Your syntax reduces verbosity for elements that have only attributes, or attributes and text:
pXML: [img (src=ball.png alt=Ball)]
your syntax: [img src=ball.png alt=Ball]
pXML: [a (href=link target=blank) Click here]
your syntax: [a href=link target=blank / Click here]
But it makes elements with text only less user-friendly:
pXML: [div text]
your syntax: [div / text]
or: [div/text]
I compared many other examples. An important point is to consider typical markup code (e.g. XHTML):
pXML: [p This is [i italic] and [b bold]]
Your syntax: [p/This is [i/italic] and [b/bold]]
In this case the pXML code is easier to read and write.
As with brackets, there is no absolute-best-one-size-fits-all syntax. The challenge is to choose (among the infinite set of possible syntaxes) a syntax that is well suited in most cases.
In the context of pXML, it is important to have a user-friendly syntax for markup code and config data.
Moreover, it is always possible to provide optional lenient parsing for specific domains. However, lenient parsing requires look-ahead parsing (and maybe also regexes), which makes parsing more complex and less efficient. Lenient parsing also requires more rules, and sometimes there must be specific rules for specific tags. Therefore lenient parsing should not be part of basic pXML.

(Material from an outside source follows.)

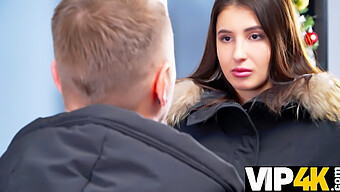 Úžasná Brunetka Tínedžerka Sa Hrubo Poteší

However it can make the syntax much more user-friendly in specific use cases. As explained in the article, I use lenient parsing in PML[^] (makes PML code succinct). Here is an example:
strict pXML: [image (source=ball.png title="Red ball")]
lenient PML 1: [image source=ball.png title="Red ball"]
lenient PML 2: [image source=ball.png title=Red ball]
final PML: [image ball.png title=Red ball]
Thanks for your suggestions.
|
|
|
|
|
|
|
Nice and clean. XML is just too darn wordy.
Roger House
|
|
|
|
|
|
Your bracket choice of [ ] may be true for a QWERTY keyboard but we live here in France with an AZERTY one. It requires CTRL and ALT. I do not like to trigger this pair.. a DEL ( SUPPR on french keyboard ) is not far from reach !
|
|
|
|
|
> we live here in France with an AZERTY one
How many people in the world are using an AZERTY (french) keyboard? And how many use a QWERTY (english) keyboard?
If a designer has to favor one or the other he/she will select the keyboard that most people use.
Unfortunately there is no bracket pair that is easy to type on all keyboard layouts (as can easily be verified here).
To minimize the need for typing inconvenient key combinations, it might be useful to use an editor/tool that allows you to reconfigure your keyboard, use hotkeys, predefined code snippets, auto-completion, etc.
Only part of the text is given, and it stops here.